Cardenas said IFE has provided observers with papers and documentation that are not being honoured by Mexican immigration authorities, locking the observers out of the country ahead of the July 2 presidential election.
The IFE allegations come on the heels of charges by U.S.-based NGO Global Exchange and Mexico's Civil Alliance that the Latin American nation is intimidating international observers by throwing up immigration snags.
Global Exchange Coordinator Ted Lewis said in a statement issued on Tuesday he was detained and deported from the airport in the western city of Guadalajara after entering the country to meet with IFE officials.

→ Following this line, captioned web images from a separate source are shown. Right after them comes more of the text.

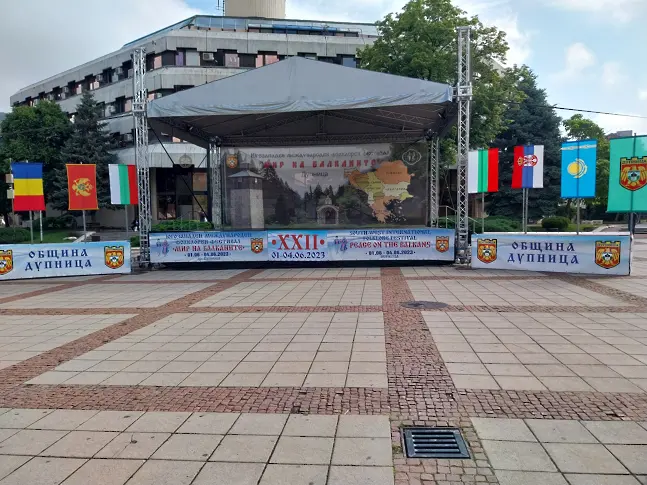  Днес в Дупница започва международния фестивал „Мир на Балканите“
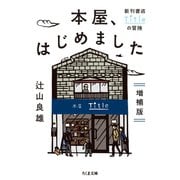 本屋、はじめました 増補版 ──新刊書店Titleの冒険（筑摩書房） [電子書籍]
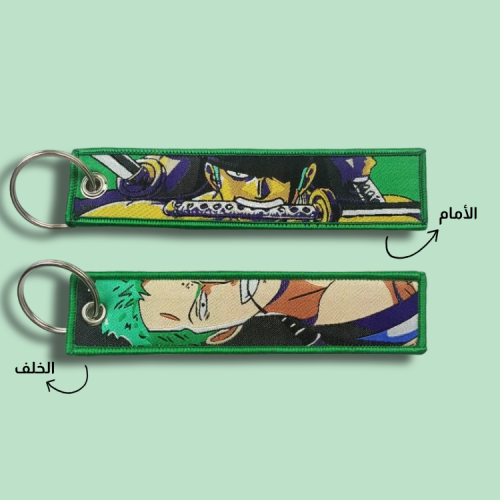 ميدالية ون بيس قماشية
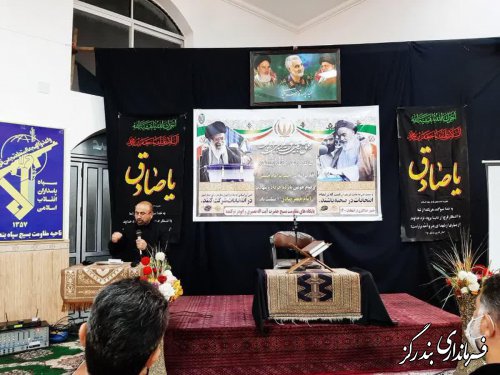آیین گرامیداشت سالروز ارتحال حضرت امام (ره) و قیام 15 خرداد در نوکنده برگزار شد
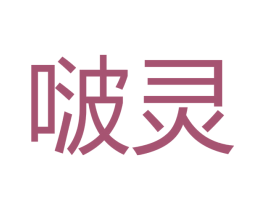 啵灵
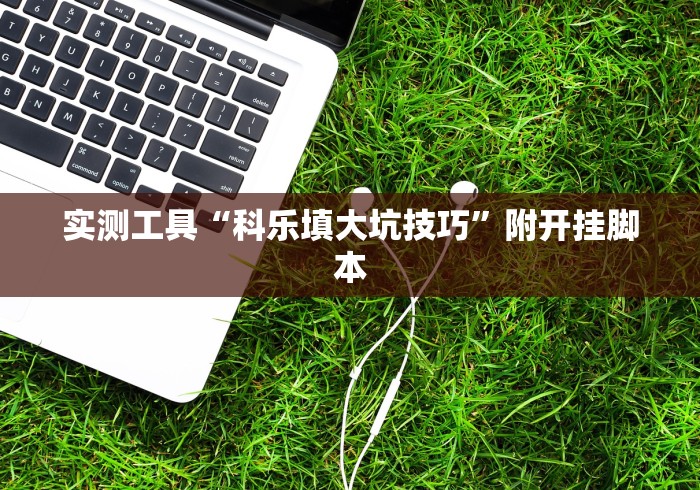 玩家必知“乐易麻将有挂吗”(助赢详细开挂教程)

Lewis added that the regulations from the IFE state that election observation visas can be obtained from inside Mexico after entering the country on a tourist visa.
The National Migration Institute, the government agency in charge of immigration issues, however, denied it was hindering election watchdog efforts.

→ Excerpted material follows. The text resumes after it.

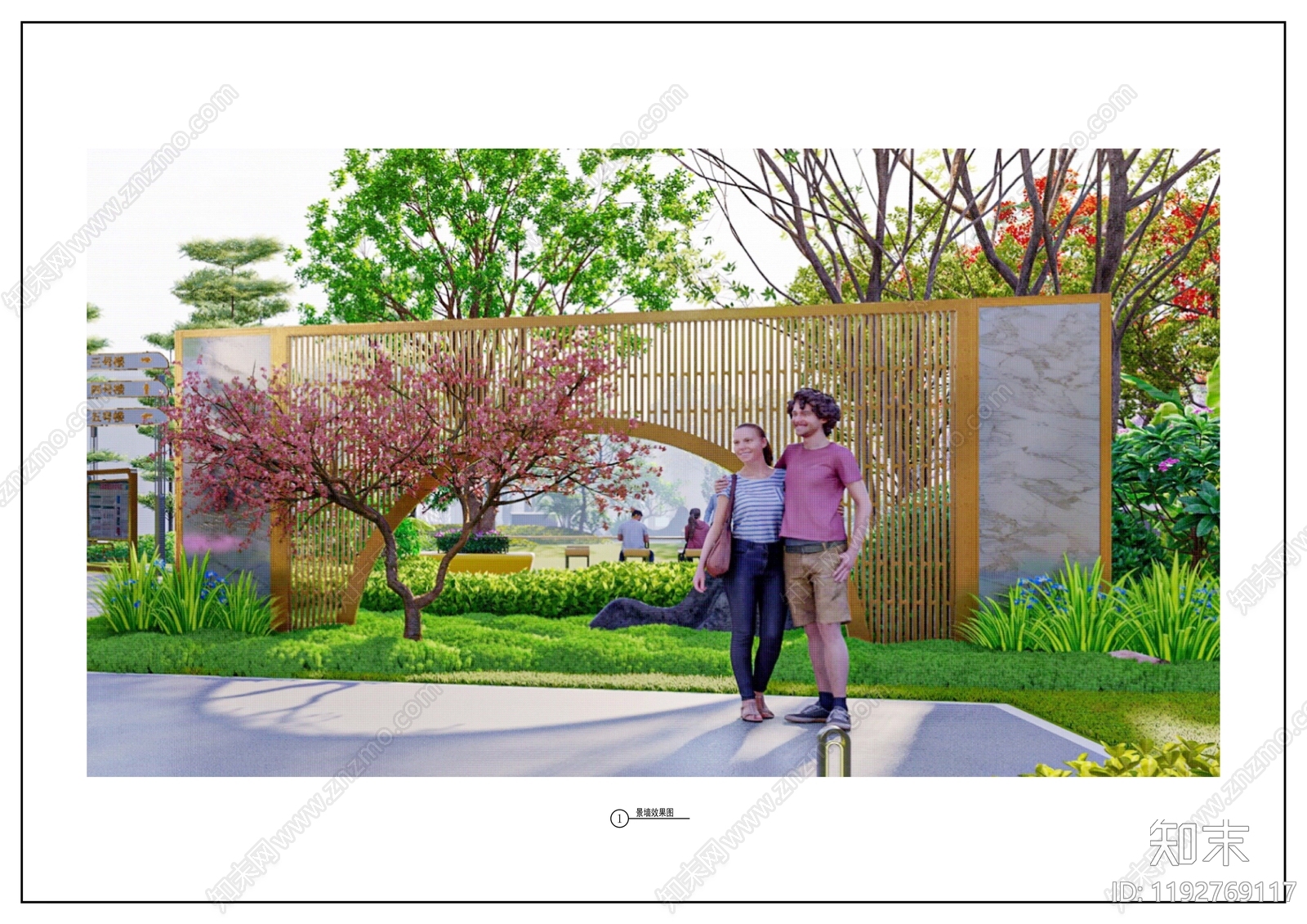 现代新中式庭院cad施工图下载【ID:1192769117】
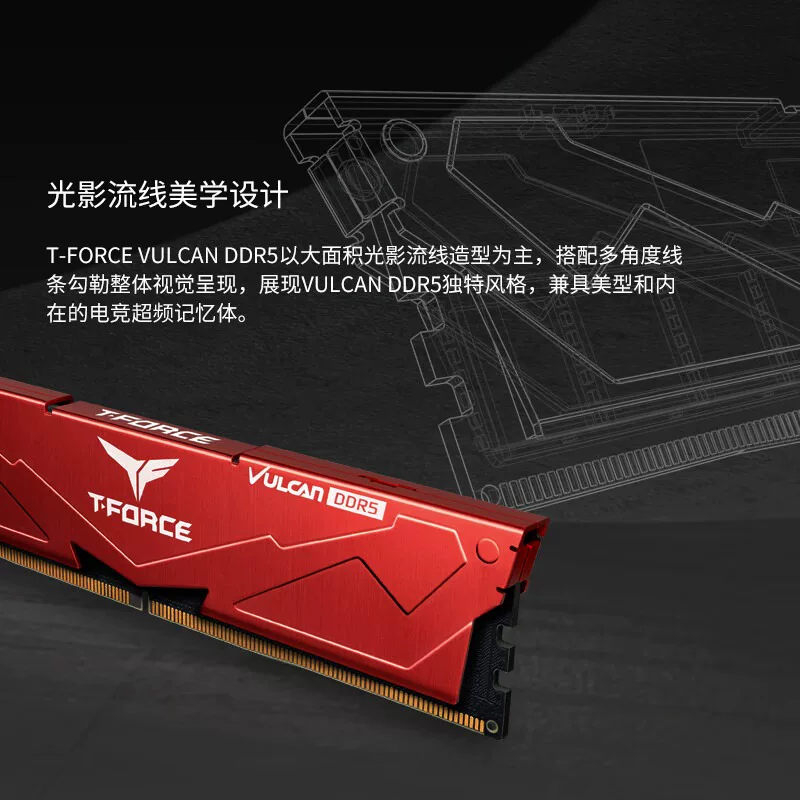十铨 矮马甲条 DDR5内存条 16GB*2 32GB 1849元 - 86线报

"What foreigners do in Mexico will never be restricted for political reasons, if it's legal," said institute spokeswoman Angelica Rendon. "If the IFE says that (Lewis' deportation) is illegal it is because it doesn't have sufficient information on the issue."
Rendon said Lewis was trying to gain new entrance to Mexico, even though he had been deported on at least two previous occasions. "Ted Lewis is someone who performed on various occasions activities that are not permitted," she said.
Lewis' group has been accused by the Mexican government of promoting "revolutionary tourism," organising visits by foreigners to the southern state of Chiapas to meet with Zapatista Indian rebels, who took up arms in January 1994.
The government has expelled dozens of foreigners in the past two years for allegedly engaging in political activities while in the country on tourist visas.
Rendon said foreign observers who have registered their visits adequately have entered Mexico without problem.
The IFE expects some 1,000 foreign observers for the July elections, in which ruling Institutional Revolutionary Party candidate Francisco Labastida is squaring off against the centre-right National Action Party's Vicente Fox for the nation's top job.
[*Note from Ted: I was never deported from Mexico prior to April 9, 2000. Also, the INM has never informed me of any activity I have performed in Mexico that was "not permitted".]